I have only got 10 ember tetras and they school in a tight group in my 2ft

----------


## tranzy

will different tetras school together from experience? eg. Ember and neon?

----------


## stormhawk

Different species may school together from time to time. However my Cardinals do not school with the Ember Tetras. In fact they never school in my 4 ft tank, just going to any part of the tank as and when they like. Granted, I only have a small number of each type but the only time they ever get together is feeding time.  :Laughing: 

Ember/Amber Tetras are perfect for this purpose in nano tanks with some suitable tankmates.

----------


## Ingen

> Dwarf rasbora (Boraras maculatus), boraras brigittae, Galaxy Rasboras will not school. Golden tetra can grow same size as neon/cardina tetra (5 cm).
> 
> What is the maximum size you are looking for? I tried the following fish, the school very well. Ember tetra (2 cm), Sundadanio axelrodi (2.2 cm) and Green Neon Tetra (2.5 cm).


I know this is an old thread, any idea where can I find Sundadanio axelrodi in Singapore?

----------


## Ken_ng

What about cory hastatus? Mid level schooling cory?

----------


## Ingen

Found some Sundadanio at C328, unfortunately only 5 blue ones left and decided to try out before their next shipment. One was almost dying when still in the pack (died within 10mins), while another wasn't swimming very well before lights off. This morning, only found three swimming against the flow. Unlike the Galaxy Rasbora, they are constantly in the open (which is great).

I must say, they have a very unique look and very slim (skinny in my opinion) seems different from most of the pictures I saw on the net lol. Planning to get 15-20 of them when the next shipment arrives, hopefully they will start to school tightly.

----------


## gum

when is the next shipment?

----------


## Ingen

Probably next week, lets keep each other updated if you happen to drop by and try not to buy everything, leave some for me lol.

----------


## gum

hahahahhaa just went and i bought 




..................nothing

----------


## Ingen

2 packets of 30 each came as I was leaving and got some

----------


## gum

omg i went there on mon & tues nothing.....

----------


## Ingen

I think I bought too many, I can pass you some if you can't get it

----------


## gum

do urs school. i bought ember tetra & boy do they school well they arw reallly greedy fishes..

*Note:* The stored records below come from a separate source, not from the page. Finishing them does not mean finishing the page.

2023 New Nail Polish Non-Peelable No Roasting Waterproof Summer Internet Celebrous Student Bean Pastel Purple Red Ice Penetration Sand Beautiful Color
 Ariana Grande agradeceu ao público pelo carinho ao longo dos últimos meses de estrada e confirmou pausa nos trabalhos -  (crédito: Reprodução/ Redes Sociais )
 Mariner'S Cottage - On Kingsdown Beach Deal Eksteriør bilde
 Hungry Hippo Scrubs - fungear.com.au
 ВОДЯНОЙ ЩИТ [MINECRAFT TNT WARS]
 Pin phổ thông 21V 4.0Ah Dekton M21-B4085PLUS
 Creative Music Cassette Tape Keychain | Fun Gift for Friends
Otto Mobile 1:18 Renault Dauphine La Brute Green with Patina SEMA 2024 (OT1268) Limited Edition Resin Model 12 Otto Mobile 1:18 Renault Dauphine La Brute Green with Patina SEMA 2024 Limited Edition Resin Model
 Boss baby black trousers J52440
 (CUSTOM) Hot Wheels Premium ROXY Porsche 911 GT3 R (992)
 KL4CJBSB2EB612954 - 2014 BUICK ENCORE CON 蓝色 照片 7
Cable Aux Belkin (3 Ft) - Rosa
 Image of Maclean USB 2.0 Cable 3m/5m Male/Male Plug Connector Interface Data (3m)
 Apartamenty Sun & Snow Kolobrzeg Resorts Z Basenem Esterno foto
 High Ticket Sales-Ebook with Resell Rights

i got my red army so need blue army toooo. going down soon.

----------


## Ingen

They do hang out together, if you are not in a hurry, I can give you 10 of them. I got too many lol, they stock and I just grab a packet as the shop was really busy.

----------


## gum

how big is ur tank..i will take a look first at c328

either lampeye , boraras brigatte or sundanio... cos i dont really wan espei or hengeli looks big.....

----------


## Ingen

Mine are the blue sundadanio

----------


## gum

are *yours* blue those in C328 are pale with only black bottom fin

edit: Please read and avoid using sms lingo. SMS and IM Lingo Rules. This is a warning.

----------


## Ingen

Yes blue top, some looks skinny, some are tiny and some are larger. PM if you are keen to have some.

----------


## leehyeok

I have about cardinal tetra and only some of them school... The rest will just on their own..

----------


## kklim

What are the small schooling fishes that are safe for cherry shrimp? Planning a 2-footer.

----------


## reviewcart

I kept rams in my community tank for a few years, and as long as there's enough hiding places for the smaller guys, you shouldn't have any issues. I personally really like the look of my dwarf rasboras (Boraras brigittae) when they school. They're tiny, and you could probably put 10-15 of them in your tank without problems. Other choices could be ember tetras (Hyphessobrycon amandae), or celestial pearl danios (Danio margaritatus).

----------